Friday, June 20, 2003
Harry Potter and I

The fifth book in the Harry Potter series releases tomorrow. I must admit that I haven't read any of the books so far. Have seen both the movies - the first was okay, while I didn't like the second one much. I am very much a "Lord of the Rings" person. Of course, that's no reason not to read Harry Potter, but somehow I have stayed away. I missed the initial Harry Potter wave because I was too immersed in IndiaWorld. The impression I had was also that it is more for kids (and I was a grown-up) then. But again, that has not prevented me from reading books like "The Little Prince". Something about Harry Potter kept me away, and then it was too late. Since I had not read the initial books, I didn't read the later books.

I really think I should get rid of these biases and read it, and then make a judgement about it.

Meanwhile, two links to read:

- TIME cover story on JK Rowling: "[Bravery] is, as Rowling attests from the first chapter of the first book, the virtue that cannot be faked: you either walk into the woods full of giant spiders, or you don't. Stand up to bullies, or hide from them. Hang on to hope, or surrender to fear. She addresses children as though they know as much as or more than she does about the things that matter. Kids like the characters she has created, Harry above all, not because he is fantastic but because he is familiar. Rowling, they say, gets everything right, writes as though she knows what it is to be 13 years old and anxious or shocked at discovering what you can actually do if you try. Maybe she finds her way straight into the hearts of children because she never left in the first place."

- Economist on the merchandising: "The process is self-generating: each book sets the stage for a film, which boosts book sales, which lifts sales of Potter products. Globally, the first four Harry Potter books have sold some 200m copies in 55 languages; the two movies have grossed over $1.8 billion at the box office."

IBM's Leadership

IBM can lead Silicon Valley out of recession, according to an article in the Economist.


The technology market has gone through wrenching changes since every big firm in America dreamed of becoming a dotcom (or feared being devoured by one). Technology no longer sells itself simply because it is new. Real power is flowing to those firms that have begun to work out not what to sell, but how to sell it...IBM's answer to this problem was its purchase, last July, of PwC Consulting.

By packaging business consulting with IT, IBM now hopes to sell its customers full, all-singing, all-dancing, business "solutions", rather than vague promises about the benefits of new hardware or software.

IBM hopes that from these consulting engagements will cascade demand for its software, hardware and systems specialists.
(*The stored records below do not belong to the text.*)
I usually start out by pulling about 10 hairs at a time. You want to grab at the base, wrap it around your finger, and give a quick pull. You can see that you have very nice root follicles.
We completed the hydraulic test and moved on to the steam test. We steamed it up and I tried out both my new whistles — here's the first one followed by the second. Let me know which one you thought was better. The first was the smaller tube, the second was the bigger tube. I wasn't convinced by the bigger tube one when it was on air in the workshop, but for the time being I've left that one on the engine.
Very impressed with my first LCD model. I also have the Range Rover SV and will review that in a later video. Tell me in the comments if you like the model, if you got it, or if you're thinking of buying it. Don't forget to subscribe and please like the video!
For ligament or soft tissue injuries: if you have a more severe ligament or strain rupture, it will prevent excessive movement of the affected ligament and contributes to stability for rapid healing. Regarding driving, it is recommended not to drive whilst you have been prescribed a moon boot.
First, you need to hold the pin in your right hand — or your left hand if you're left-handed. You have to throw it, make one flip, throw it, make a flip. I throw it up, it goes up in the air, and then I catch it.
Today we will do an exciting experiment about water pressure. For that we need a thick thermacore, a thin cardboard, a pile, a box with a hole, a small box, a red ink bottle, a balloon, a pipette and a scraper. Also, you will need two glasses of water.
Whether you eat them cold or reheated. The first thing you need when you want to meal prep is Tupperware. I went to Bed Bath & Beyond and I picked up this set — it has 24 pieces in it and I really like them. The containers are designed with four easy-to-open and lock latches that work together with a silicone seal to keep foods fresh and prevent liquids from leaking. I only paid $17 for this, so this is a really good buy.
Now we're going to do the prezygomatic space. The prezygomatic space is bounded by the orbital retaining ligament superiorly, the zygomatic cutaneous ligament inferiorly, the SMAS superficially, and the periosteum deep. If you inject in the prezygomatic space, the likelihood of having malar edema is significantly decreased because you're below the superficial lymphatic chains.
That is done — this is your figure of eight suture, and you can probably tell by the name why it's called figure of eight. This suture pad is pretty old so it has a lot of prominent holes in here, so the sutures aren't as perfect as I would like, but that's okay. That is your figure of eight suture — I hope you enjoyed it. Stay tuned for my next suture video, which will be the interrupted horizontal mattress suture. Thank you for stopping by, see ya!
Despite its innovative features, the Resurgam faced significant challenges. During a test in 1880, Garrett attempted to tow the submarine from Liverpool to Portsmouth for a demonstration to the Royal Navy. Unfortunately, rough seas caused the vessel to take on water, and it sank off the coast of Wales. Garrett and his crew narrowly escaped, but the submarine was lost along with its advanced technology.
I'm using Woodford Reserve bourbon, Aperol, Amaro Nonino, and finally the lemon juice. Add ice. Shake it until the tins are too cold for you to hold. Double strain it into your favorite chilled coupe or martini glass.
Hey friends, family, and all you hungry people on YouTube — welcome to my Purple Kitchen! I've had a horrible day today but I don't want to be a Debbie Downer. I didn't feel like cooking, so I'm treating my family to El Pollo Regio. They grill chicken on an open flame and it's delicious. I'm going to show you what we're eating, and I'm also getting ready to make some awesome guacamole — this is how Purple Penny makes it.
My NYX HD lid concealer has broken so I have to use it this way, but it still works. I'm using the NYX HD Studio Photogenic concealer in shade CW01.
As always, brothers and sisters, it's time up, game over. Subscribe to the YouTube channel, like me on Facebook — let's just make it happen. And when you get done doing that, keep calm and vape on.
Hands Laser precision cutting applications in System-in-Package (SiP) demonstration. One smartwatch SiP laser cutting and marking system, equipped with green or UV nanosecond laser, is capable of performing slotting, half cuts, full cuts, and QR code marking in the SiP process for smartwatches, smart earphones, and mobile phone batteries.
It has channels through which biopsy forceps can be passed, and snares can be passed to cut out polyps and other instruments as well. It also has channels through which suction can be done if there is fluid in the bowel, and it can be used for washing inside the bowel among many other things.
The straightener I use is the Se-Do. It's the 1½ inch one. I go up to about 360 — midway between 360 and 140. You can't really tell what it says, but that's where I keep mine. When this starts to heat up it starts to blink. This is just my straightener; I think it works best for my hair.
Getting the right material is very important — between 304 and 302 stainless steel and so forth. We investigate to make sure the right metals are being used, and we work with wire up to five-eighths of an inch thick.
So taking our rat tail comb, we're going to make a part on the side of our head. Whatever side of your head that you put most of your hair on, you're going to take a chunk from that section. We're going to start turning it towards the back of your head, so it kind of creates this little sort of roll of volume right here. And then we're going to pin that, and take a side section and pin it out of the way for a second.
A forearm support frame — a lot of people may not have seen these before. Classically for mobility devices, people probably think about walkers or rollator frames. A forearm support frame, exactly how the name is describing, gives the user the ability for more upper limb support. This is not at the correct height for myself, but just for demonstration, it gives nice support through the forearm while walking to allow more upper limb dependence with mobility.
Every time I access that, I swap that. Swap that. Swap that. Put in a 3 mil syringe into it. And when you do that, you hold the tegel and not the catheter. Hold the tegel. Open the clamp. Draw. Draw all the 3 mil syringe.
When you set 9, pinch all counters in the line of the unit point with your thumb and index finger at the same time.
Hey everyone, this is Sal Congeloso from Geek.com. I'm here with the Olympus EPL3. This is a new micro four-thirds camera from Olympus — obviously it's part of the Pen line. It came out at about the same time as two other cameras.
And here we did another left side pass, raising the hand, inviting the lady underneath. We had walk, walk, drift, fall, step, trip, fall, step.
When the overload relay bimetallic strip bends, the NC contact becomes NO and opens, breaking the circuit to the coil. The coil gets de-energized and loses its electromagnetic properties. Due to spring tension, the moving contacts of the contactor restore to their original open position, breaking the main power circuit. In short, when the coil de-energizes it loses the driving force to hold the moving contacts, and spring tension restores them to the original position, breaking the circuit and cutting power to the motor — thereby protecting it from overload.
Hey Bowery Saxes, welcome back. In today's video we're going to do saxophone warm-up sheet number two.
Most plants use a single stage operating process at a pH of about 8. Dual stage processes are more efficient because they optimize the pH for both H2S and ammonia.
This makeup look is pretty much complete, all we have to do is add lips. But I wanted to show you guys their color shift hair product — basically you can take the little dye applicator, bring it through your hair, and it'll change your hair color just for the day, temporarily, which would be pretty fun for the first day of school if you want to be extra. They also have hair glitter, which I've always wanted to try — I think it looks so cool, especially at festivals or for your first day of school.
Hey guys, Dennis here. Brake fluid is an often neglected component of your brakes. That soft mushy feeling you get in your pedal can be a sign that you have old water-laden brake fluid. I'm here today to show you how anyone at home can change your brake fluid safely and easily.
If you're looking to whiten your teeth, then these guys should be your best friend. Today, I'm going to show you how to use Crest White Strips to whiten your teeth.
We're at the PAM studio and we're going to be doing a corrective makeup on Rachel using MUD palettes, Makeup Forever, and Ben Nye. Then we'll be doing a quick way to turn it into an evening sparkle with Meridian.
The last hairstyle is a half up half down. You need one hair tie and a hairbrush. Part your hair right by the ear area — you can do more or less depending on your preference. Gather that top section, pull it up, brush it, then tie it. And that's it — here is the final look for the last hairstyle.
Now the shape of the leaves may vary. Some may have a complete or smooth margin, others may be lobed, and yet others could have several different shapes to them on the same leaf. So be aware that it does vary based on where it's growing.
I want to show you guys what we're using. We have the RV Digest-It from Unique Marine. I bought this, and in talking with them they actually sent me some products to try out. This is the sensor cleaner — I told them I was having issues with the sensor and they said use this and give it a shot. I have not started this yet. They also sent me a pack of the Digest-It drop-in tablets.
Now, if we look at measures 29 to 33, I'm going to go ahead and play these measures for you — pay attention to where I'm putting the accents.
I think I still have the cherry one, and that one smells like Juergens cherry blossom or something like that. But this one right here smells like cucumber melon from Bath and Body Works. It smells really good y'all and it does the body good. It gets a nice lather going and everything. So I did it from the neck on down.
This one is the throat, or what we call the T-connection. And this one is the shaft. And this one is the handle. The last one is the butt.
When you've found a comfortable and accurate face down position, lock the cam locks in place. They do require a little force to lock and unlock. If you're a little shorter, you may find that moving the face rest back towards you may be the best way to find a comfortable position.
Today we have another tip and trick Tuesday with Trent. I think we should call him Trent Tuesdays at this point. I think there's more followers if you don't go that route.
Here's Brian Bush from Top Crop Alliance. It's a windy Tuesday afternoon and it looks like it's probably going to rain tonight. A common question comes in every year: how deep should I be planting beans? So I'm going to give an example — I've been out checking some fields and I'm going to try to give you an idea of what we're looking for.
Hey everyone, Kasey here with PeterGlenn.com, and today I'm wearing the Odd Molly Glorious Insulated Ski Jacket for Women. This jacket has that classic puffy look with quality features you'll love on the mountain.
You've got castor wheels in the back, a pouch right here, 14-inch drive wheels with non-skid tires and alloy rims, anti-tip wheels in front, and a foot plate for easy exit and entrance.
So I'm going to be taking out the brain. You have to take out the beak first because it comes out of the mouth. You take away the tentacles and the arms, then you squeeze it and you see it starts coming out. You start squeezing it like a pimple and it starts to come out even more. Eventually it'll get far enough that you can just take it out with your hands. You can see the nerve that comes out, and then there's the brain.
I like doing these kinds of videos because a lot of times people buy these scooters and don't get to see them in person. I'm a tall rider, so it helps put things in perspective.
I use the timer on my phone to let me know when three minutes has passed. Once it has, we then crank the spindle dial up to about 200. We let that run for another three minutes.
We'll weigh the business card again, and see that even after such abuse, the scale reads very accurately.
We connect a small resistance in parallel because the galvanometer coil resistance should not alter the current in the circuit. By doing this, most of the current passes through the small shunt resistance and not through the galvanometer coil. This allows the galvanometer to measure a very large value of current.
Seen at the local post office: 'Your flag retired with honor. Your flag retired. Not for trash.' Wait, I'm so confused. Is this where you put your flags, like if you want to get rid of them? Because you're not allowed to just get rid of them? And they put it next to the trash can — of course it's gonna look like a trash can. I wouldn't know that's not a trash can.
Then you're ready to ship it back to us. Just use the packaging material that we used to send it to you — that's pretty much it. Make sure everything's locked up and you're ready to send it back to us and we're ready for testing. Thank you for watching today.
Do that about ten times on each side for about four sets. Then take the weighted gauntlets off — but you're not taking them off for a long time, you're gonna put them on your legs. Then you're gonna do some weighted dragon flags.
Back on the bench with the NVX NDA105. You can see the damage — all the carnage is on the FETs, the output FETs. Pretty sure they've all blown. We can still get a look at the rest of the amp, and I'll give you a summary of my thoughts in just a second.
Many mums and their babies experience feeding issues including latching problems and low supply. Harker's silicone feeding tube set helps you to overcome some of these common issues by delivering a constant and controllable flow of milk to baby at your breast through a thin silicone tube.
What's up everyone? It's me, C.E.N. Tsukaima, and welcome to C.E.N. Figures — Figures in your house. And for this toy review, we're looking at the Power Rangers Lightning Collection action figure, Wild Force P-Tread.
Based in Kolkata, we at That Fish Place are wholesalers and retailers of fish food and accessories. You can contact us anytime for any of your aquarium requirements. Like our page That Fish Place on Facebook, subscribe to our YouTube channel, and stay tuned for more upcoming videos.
From the customer's perspective, however, IBM is now selling something quite different—a commitment to improve a specific part of the business, with payment more clearly linked to results. The famously weak accountability of consulting and IT should improve. As Steve Milunovich of Merrill Lynch put it recently, the customer now has “one throat to choke”.


So, the next big thing may "not to be a technology at all, but a better way to make it work."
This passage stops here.